→ TASK INSTRUCTIONS
Every record below should appear in your answer, copied exactly.

--

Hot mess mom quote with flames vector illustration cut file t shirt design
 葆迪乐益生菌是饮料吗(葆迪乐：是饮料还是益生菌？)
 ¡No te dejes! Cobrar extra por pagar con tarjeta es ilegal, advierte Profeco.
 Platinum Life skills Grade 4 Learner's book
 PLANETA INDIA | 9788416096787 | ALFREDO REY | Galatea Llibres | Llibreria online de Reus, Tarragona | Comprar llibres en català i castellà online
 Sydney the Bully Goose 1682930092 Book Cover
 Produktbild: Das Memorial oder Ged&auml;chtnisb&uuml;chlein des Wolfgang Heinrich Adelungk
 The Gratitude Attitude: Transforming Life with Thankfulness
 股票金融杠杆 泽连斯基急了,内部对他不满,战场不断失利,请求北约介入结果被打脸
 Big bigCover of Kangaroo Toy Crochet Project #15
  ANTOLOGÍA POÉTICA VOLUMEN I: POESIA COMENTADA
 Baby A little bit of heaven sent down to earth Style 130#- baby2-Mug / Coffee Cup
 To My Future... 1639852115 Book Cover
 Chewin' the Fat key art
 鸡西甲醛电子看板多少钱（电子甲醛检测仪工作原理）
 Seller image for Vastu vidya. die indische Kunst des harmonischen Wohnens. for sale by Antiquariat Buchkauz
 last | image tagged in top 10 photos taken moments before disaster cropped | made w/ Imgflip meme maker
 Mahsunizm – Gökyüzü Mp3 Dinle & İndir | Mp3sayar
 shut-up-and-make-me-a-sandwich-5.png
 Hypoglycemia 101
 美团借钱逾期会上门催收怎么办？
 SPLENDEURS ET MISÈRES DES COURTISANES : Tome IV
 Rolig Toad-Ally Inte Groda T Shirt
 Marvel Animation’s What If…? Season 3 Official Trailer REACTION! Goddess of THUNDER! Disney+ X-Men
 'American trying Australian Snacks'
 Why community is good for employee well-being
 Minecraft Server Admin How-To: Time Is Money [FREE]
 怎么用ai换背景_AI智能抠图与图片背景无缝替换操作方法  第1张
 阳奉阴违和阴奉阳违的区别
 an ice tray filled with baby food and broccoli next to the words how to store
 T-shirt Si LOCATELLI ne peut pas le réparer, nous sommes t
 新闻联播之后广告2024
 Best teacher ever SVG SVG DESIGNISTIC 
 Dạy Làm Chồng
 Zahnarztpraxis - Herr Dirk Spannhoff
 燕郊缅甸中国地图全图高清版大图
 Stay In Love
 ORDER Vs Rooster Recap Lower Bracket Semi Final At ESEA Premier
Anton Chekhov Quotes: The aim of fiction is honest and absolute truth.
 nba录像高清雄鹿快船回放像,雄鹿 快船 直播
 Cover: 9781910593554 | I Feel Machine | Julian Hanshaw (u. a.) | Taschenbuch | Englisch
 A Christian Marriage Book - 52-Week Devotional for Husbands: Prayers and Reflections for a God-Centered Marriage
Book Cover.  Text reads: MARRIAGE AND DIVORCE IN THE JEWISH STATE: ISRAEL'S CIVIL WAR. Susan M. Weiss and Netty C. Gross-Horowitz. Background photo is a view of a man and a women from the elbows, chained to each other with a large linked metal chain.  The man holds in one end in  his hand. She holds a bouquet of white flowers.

--

→ REPLY
Hot mess mom quote with flames vector illustration cut file t shirt design
 葆迪乐益生菌是饮料吗(葆迪乐：是饮料还是益生菌？)
 ¡No te dejes! Cobrar extra por pagar con tarjeta es ilegal, advierte Profeco.
 Platinum Life skills Grade 4 Learner's book
 PLANETA INDIA | 9788416096787 | ALFREDO REY | Galatea Llibres | Llibreria online de Reus, Tarragona | Comprar llibres en català i castellà online
 Sydney the Bully Goose 1682930092 Book Cover
 Produktbild: Das Memorial oder Ged&auml;chtnisb&uuml;chlein des Wolfgang Heinrich Adelungk
 The Gratitude Attitude: Transforming Life with Thankfulness
 股票金融杠杆 泽连斯基急了,内部对他不满,战场不断失利,请求北约介入结果被打脸
 Big bigCover of Kangaroo Toy Crochet Project #15
  ANTOLOGÍA POÉTICA VOLUMEN I: POESIA COMENTADA
 Baby A little bit of heaven sent down to earth Style 130#- baby2-Mug / Coffee Cup
 To My Future... 1639852115 Book Cover
 Chewin' the Fat key art
 鸡西甲醛电子看板多少钱（电子甲醛检测仪工作原理）
 Seller image for Vastu vidya. die indische Kunst des harmonischen Wohnens. for sale by Antiquariat Buchkauz
 last | image tagged in top 10 photos taken moments before disaster cropped | made w/ Imgflip meme maker
 Mahsunizm – Gökyüzü Mp3 Dinle & İndir | Mp3sayar
 shut-up-and-make-me-a-sandwich-5.png
 Hypoglycemia 101
 美团借钱逾期会上门催收怎么办？
 SPLENDEURS ET MISÈRES DES COURTISANES : Tome IV
 Rolig Toad-Ally Inte Groda T Shirt
 Marvel Animation’s What If…? Season 3 Official Trailer REACTION! Goddess of THUNDER! Disney+ X-Men
 'American trying Australian Snacks'
 Why community is good for employee well-being
 Minecraft Server Admin How-To: Time Is Money [FREE]
 怎么用ai换背景_AI智能抠图与图片背景无缝替换操作方法  第1张
 阳奉阴违和阴奉阳违的区别
 an ice tray filled with baby food and broccoli next to the words how to store
 T-shirt Si LOCATELLI ne peut pas le réparer, nous sommes t
 新闻联播之后广告2024
 Best teacher ever SVG SVG DESIGNISTIC 
 Dạy Làm Chồng
 Zahnarztpraxis - Herr Dirk Spannhoff
 燕郊缅甸中国地图全图高清版大图
 Stay In Love
 ORDER Vs Rooster Recap Lower Bracket Semi Final At ESEA Premier
Anton Chekhov Quotes: The aim of fiction is honest and absolute truth.
 nba录像高清雄鹿快船回放像,雄鹿 快船 直播
 Cover: 9781910593554 | I Feel Machine | Julian Hanshaw (u. a.) | Taschenbuch | Englisch
 A Christian Marriage Book - 52-Week Devotional for Husbands: Prayers and Reflections for a God-Centered Marriage
Book Cover.  Text reads: MARRIAGE AND DIVORCE IN THE JEWISH STATE: ISRAEL'S CIVIL WAR. Susan M. Weiss and Netty C. Gross-Horowitz. Background photo is a view of a man and a women from the elbows, chained to each other with a large linked metal chain.  The man holds in one end in  his hand. She holds a bouquet of white flowers.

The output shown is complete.